Von der Leyen zufolge wird ein "breiter Mix von Maßnahmen" beraten. Zu der offenen Diskussion gehöre, "weder auszuschließen noch zu hierarchisieren noch einzuschließen", sagte von der Leyen auf eine Frage nach Atomwaffen. Ziel müsse es sein, am Ende einen "besonnenen" Vorschlag zu haben. Dabei gehe es "nicht nur um rein militärische Fragen (...), sondern auch um wirtschaftliche Fragen, um politische Fragen", betonte von der Leyen. Sie verwies auch auf eine mögliche Einbeziehung Chinas in Abrüstungsgespräche.

Der russische Friedensnobelpreisträger Michail Gorbatschow (87) und Mitunterzeichner des INF-Vertrages machte am Mittwoch die USA für das Aus für den Vertrag verantwortlich. Diese wollten mit dem Ausstieg aus dem Abkommen ihr Streben nach "absoluter militärischer Überlegenheit" fortsetzen und sich von allen Einschränkungen in Rüstungsfragen lossagen.
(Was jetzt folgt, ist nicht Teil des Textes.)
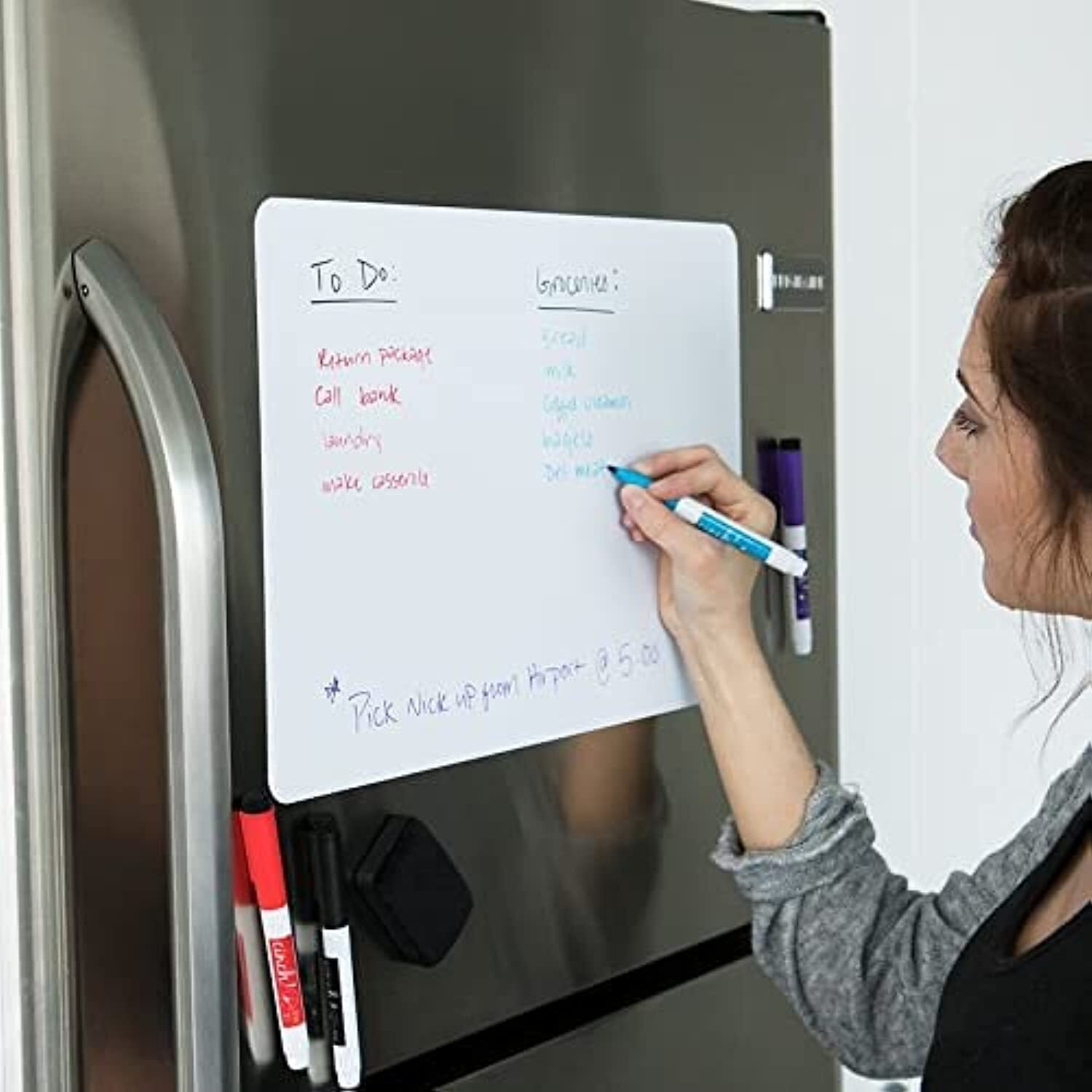 20X13 Stain-Resistant Magnetic Whiteboard For Fridge - Includes 4 Markers And Big Eraser With Magnets - Magnetic Dry Erase Board - Refrigerator White Board Organizer And Planner - Magnetic White Board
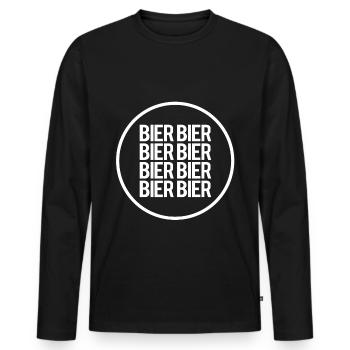 I Love BEER - Männer Premium Bio Langarmshirt - Schwarz - Vorne - Nico (187cm)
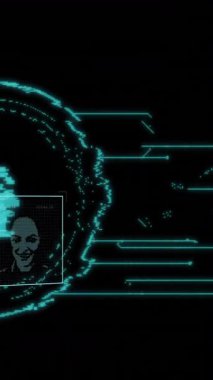 Asma kilit animasyonu, biyometrik fotoğraflar ve karanlık arka planda dijital veri işleme. Küresel siber güvenlik, bağlantılar, hesaplama ve veri işleme kavramı dijital olarak oluşturuldu.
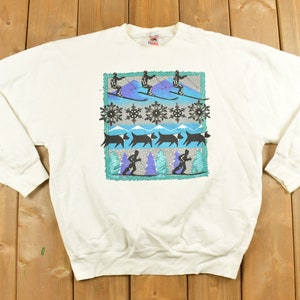 Vintage 1990s Snow Themed Winter Crewneck / Nature Print / Vintage Sweatshirt / Wilderness / Pullover Sweatshirt / Skiing / Winter Sports
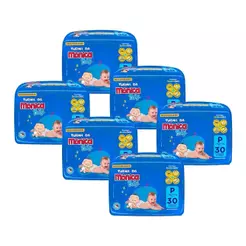 Kit 6 Fraldas Turma da Mônica Baby Jumbo P com 30un cada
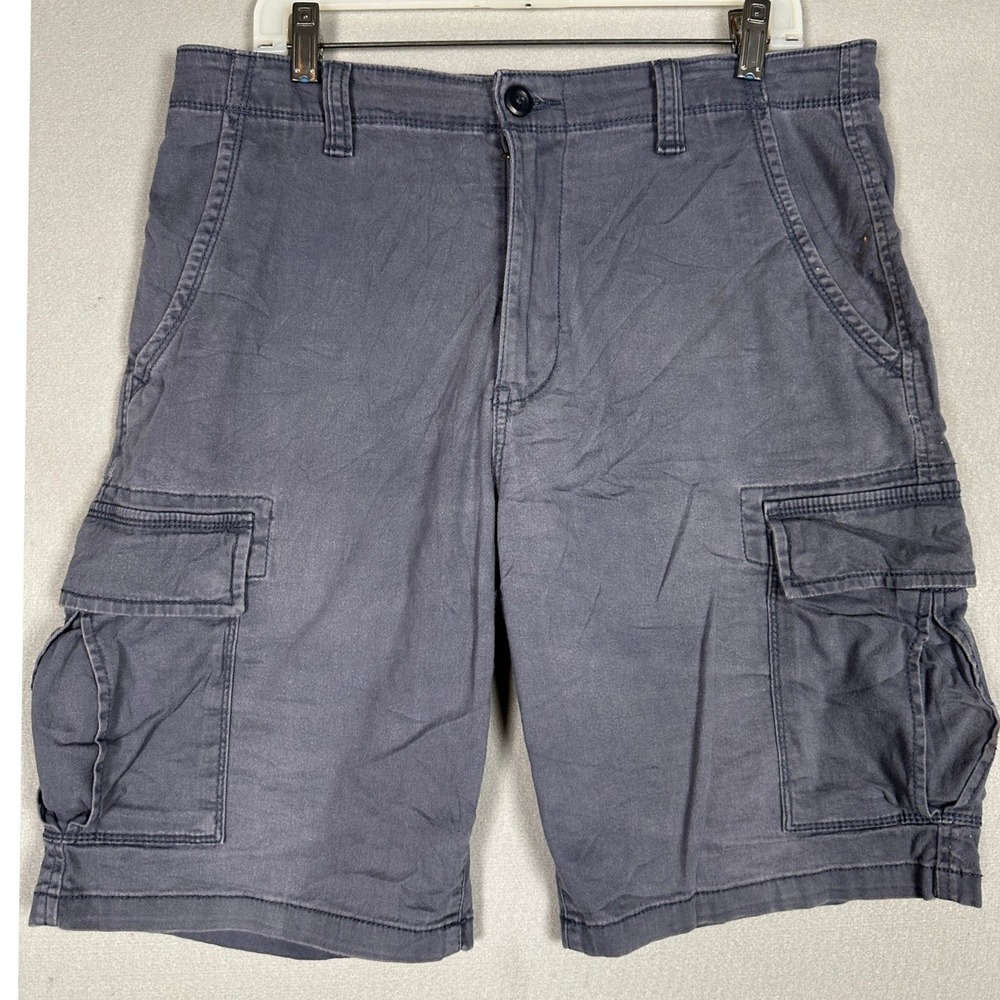 Arizona Jean Co Flex Shorts Mens 33 Classic Fit Grey Cargo Utility Flat Front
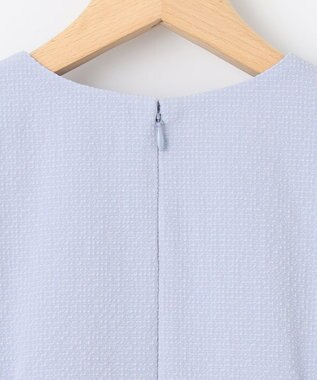 組曲 サッカーストレッチ ボウタイワンピース サックスブルー系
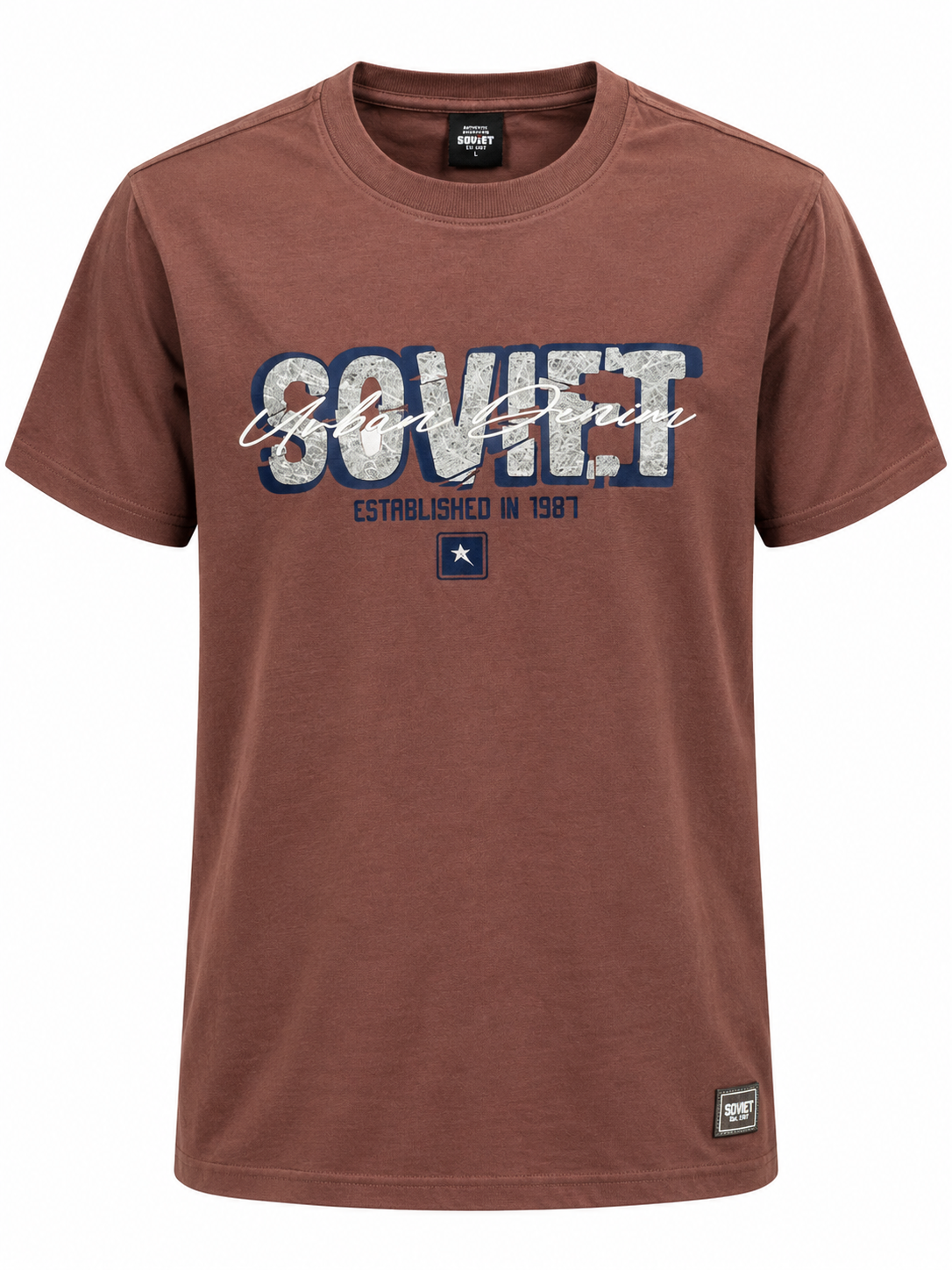 Soviet Penn Mens Short Sleeve Box Fit Fashion T-Shirt In Chocolate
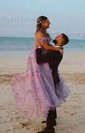 Ball Gown V-neck Tulle 3D Floral Prom Dresses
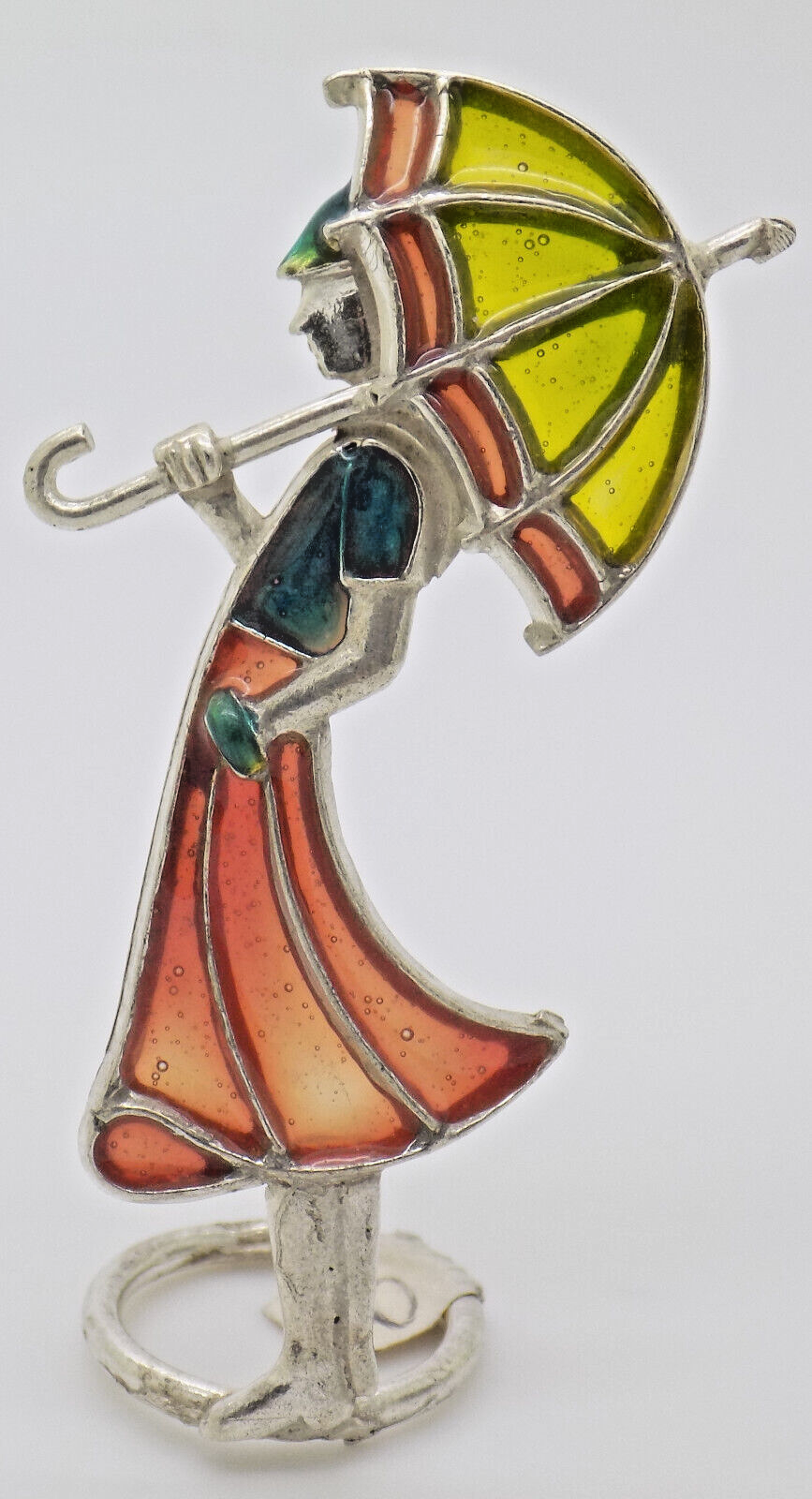 Vintage Italian Handmade Genuine Silver Girl & Luggage Shaped Pill Box Figurines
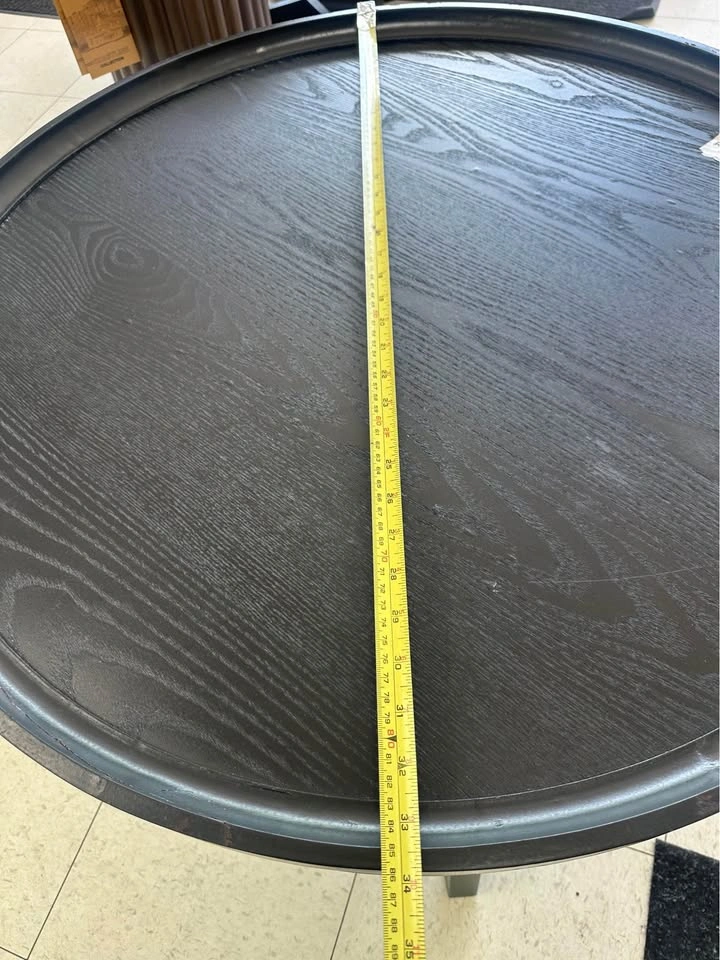 Black Round Tray Coffee Table - photo 4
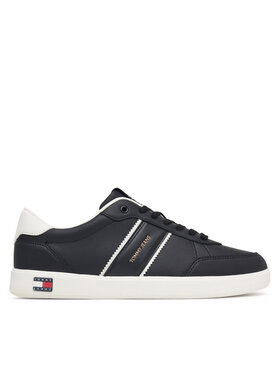 Tommy Jeans Sneakersy Tommy Jeans Lightweight Flag Leather Court EM0EM01758 Čierna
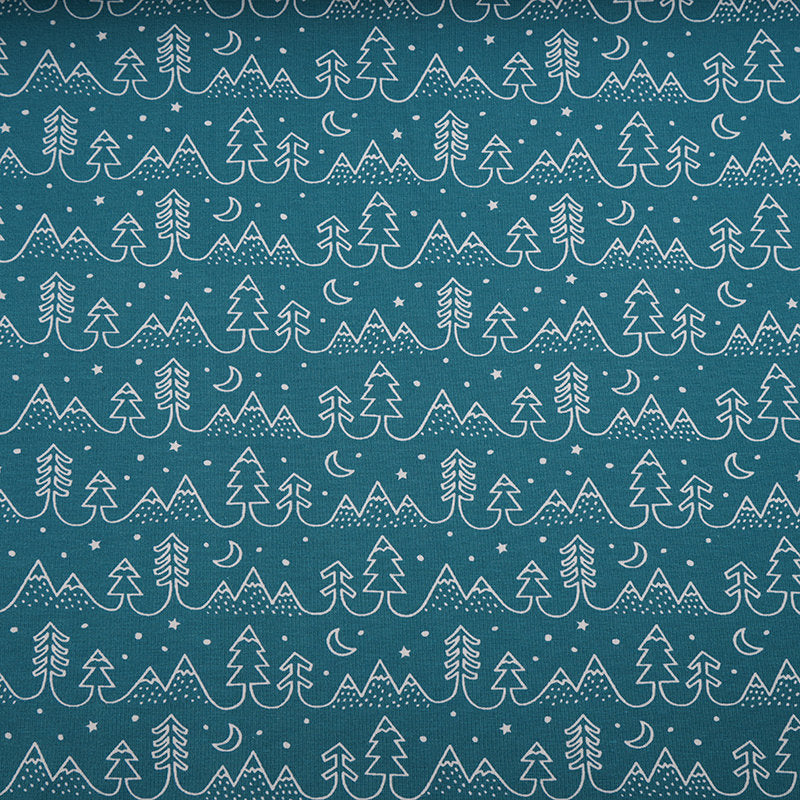 Reststück 47 cm - Fairtrade Biojersey Tannenwald blau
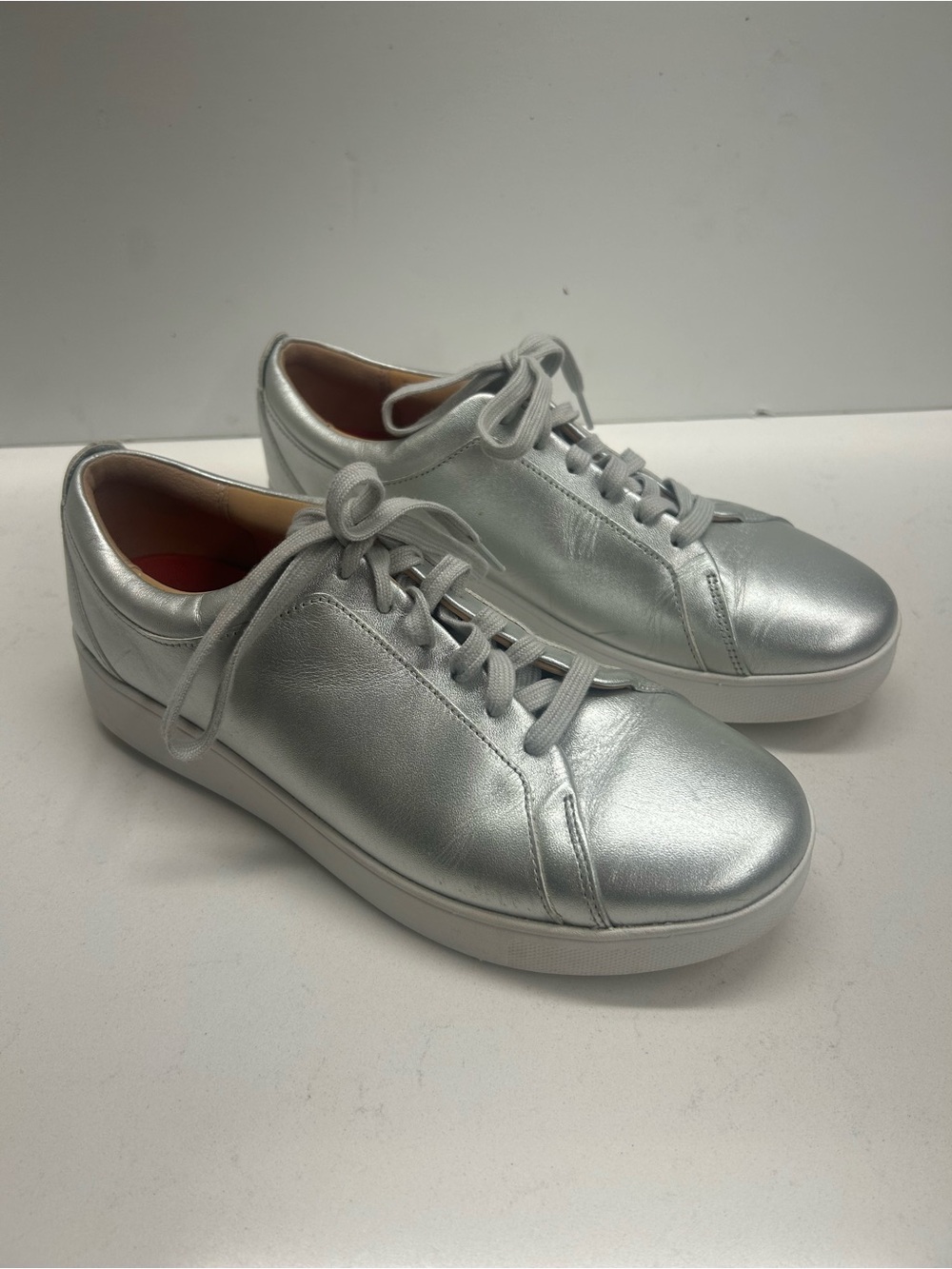 Flip Flop Rally Women's Metallic Silver Casual Sneakers Size 8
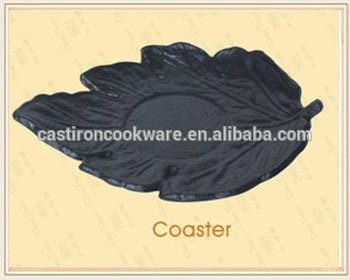 2014 New Leaf Shaped Enamel Cast Iron Cup Coaster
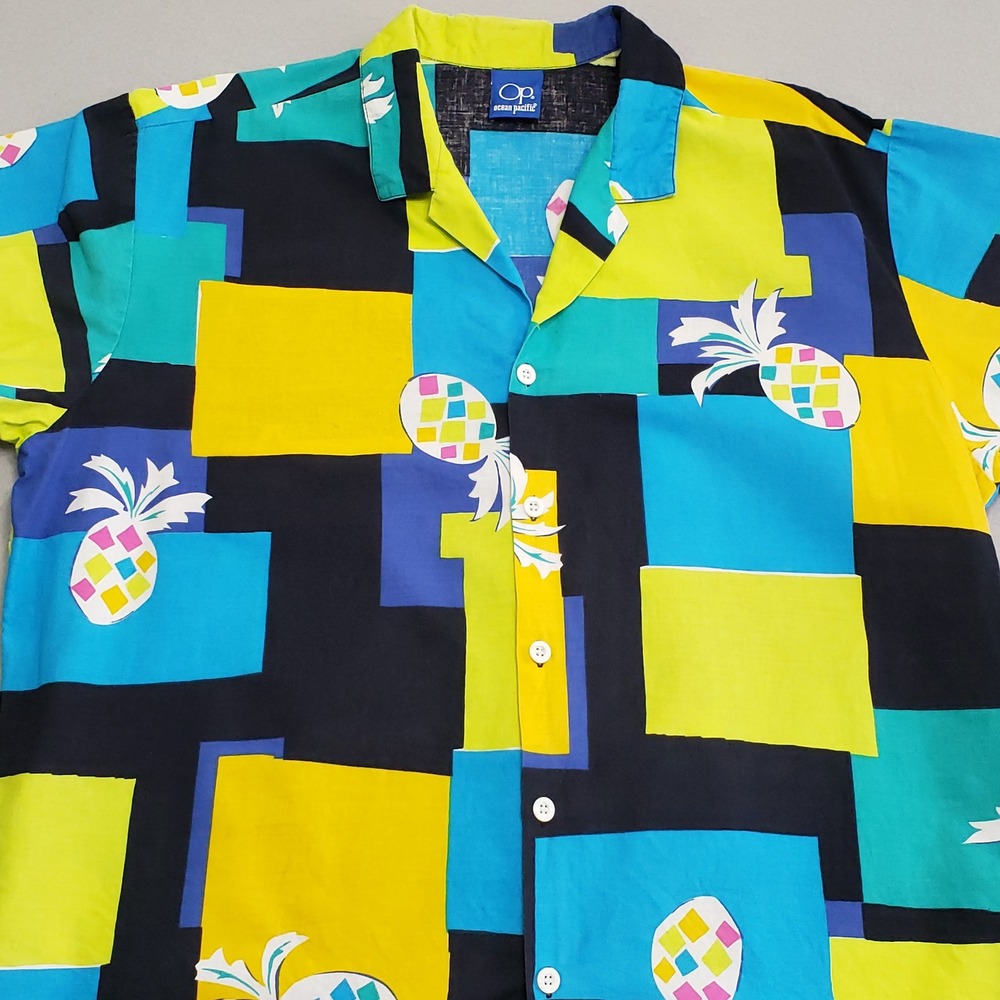 Ocean Pacific Mens XL Button Down Shirt Colorblock Pineapple Retro 90s Surf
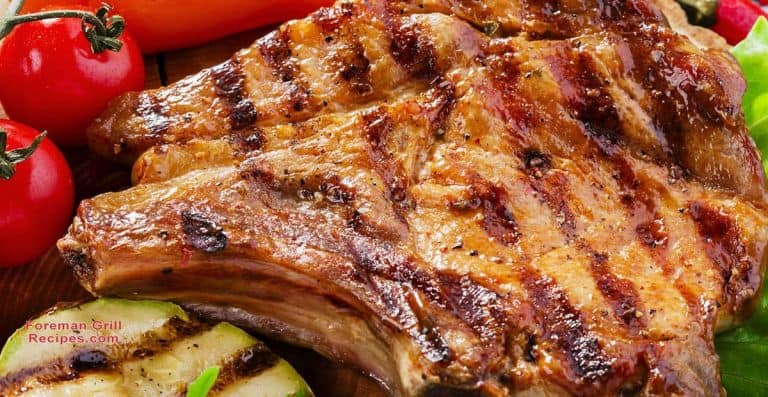 Grilled George Foreman grill pork chops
Es bestehe nun die Gefahr eines neuen Wettrüstens, schrieb der Ex-Sowjetpräsident in einem Beitrag der Moskauer Zeitung "Wedomosti" (Mittwoch). "Darunter leidet die Sicherheit aller Länder - die der USA eingeschlossen", mahnte er. "Und alle verstehen, dass eine neue Runde eines Raketen-Wettlaufs noch gefährlicher werden kann."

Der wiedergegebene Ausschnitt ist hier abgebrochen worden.